Thomas C. Mitchell, Ph.D.



Dr. Mitchell is dedicated to discovering how the immune system can be safely stimulated to fight disease.  His work is most relevant to development of vaccine adjuvants, which are used in modern vaccines to boost their effectiveness without causing harm or unnecessary discomfort.

Modern immunology is guided by the paradigm that innate immunity against microbes is necessary for adaptive immunity to be generated in individuals for long term protection against re-infection. Dr. Mitchell’s research to advance safe  immunostimulation is based on the idea that partial signaling through receptors of the innate immune system can achieve sufficient priming of the adaptive immune response so as to be protective while minimizing counterproductive effector responses by innate immune cells such as neutrophils and macrophages. TLR4-MD2, the innate receptor for bacterial LPS, is currently a focus of research for the Mitchell lab because it is targeted by a clinically successful vaccine adjuvant, monophosphoryl lipid A (MPL).

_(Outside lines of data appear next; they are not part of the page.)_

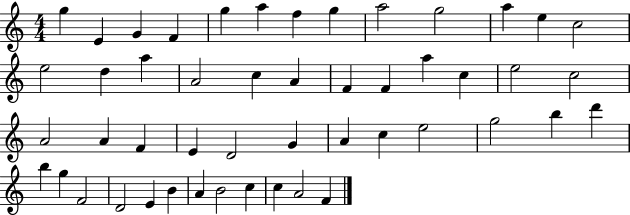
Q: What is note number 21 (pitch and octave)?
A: F4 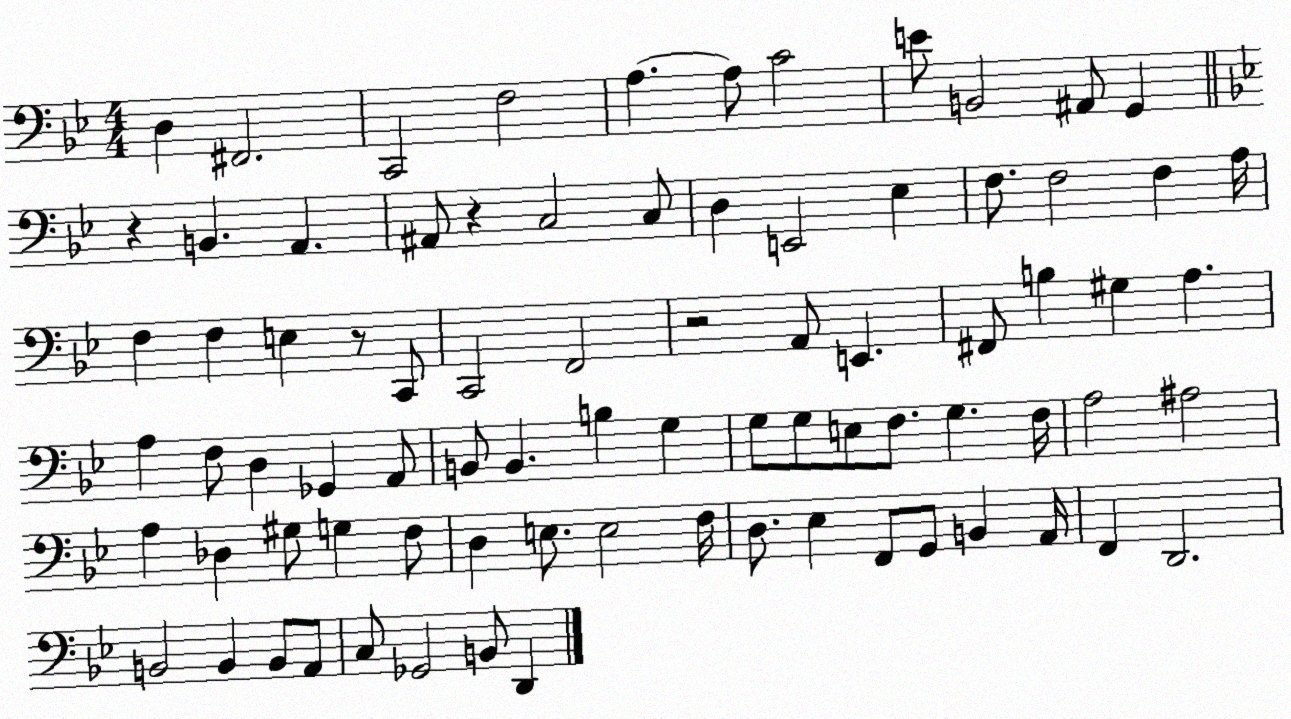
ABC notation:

X:1
T:Untitled
M:4/4
L:1/4
K:Bb
D, ^F,,2 C,,2 F,2 A, A,/2 C2 E/2 B,,2 ^A,,/2 G,, z B,, A,, ^A,,/2 z C,2 C,/2 D, E,,2 _E, F,/2 F,2 F, A,/4 F, F, E, z/2 C,,/2 C,,2 F,,2 z2 A,,/2 E,, ^F,,/2 B, ^G, A, A, F,/2 D, _G,, A,,/2 B,,/2 B,, B, G, G,/2 G,/2 E,/2 F,/2 G, F,/4 A,2 ^A,2 A, _D, ^G,/2 G, F,/2 D, E,/2 E,2 F,/4 D,/2 _E, F,,/2 G,,/2 B,, A,,/4 F,, D,,2 B,,2 B,, B,,/2 A,,/2 C,/2 _G,,2 B,,/2 D,,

TLR4 participates in recognition of microbial structures, as well substances generated by ‘damaged self’. As such it is a pattern recognition receptor for both pathogen-associated molecular patterns (PAMPs) and damage-associated molecular patterns (DAMPs). TLR4 is also the only member of the Toll-like receptor family to signal via i) the endocytic TRIF pathway, and ii) the plasma membrane MyD88 pathway. Studies with mice rendered genetically deficient for either signaling adapter and various agonists of TLR4-MD2 have shown a trend toward a separation of functions of the two signaling pathways. With TLR4, TRIF-dependent signaling outcomes (also called MyD88-independent outcomes) are more necessary for adaptive immune priming, particularly of short-term CD4+ T cells and thus ‘help’ for B cells to generate improved antibody responses against an antigen. MyD88-dependent outcomes are linked more often to pro-inflammatory effects, such as production of the powerful cytokines IL-1β and IL-6.

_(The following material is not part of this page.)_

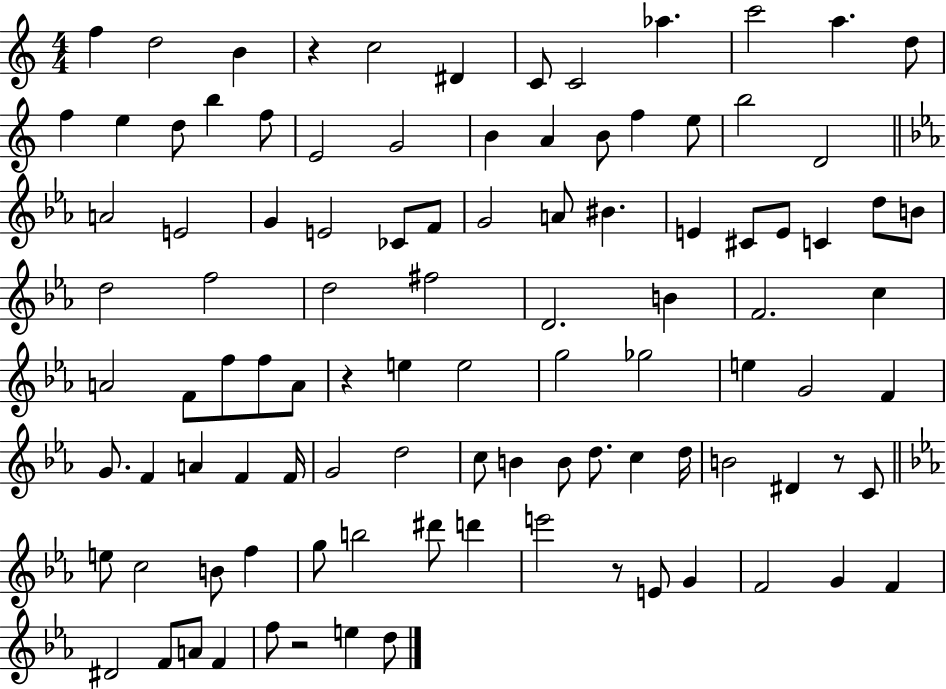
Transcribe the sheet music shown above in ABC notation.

Dr. Mitchell and members of his research group study the mechanisms by which TLR4-MD2 can be shifted to favor TRIF-dependent signaling outcomes necessary for adequate immune responses to occur. Work on this topic includes study of the vaccine adjuvant MPL and structurally similar compounds from naturally occurring sources as well as those that are manufactured synthetically.

Selected Publications

  1. Mitchell, TC and Casella, CR. No pain no gain? Adjuvant effects of alum and monophosphoryl lipid A in pertussis and HPV vaccines. Current Opinion in Immunology 2017, 47:17–25.
  2. SenGupta S, Hittle LE, Ernst RK, Uriarte SM and Mitchell TC. A Pseudomonas aeruginosa hepta-acylated lipid A variant associated with cystic fibrosis selectively activates human neutrophils.J Leukoc Biol. 2016 Nov;100(5):1047-1059
  3. Kolb JP, Casella CR, SenGupta, S, Chilton PM and Mitchell TC. Type I interferon signaling contributes to the bias that Toll-like receptor 4 exhibits for signaling mediated by the adaptor protein TRIF. Sci Signal. 2014 Nov 11;7(351):ra108
  4. Chilton PM, Hadel DM, To TT, Mitchell TC and Darveau RP. Adjuvant activity of naturally occurring monophosphoryl lipopolysaccharide preparations from mucosa-associated bacteria. Infect Immun. 2013 Sep;81(9):3317-25.
  5. Mata-Haro V, Cekic C, Martin M, Chilton PM, Casella CR, and Mitchell TC.The Vaccine Adjuvant Monophosphoryl Lipid A as a Trif-biased Agonist of TLR4. Science, 2007; 316(5831):1628-1632. Perspective on this paper published in Science, 2007; 316(5831):1574-1576.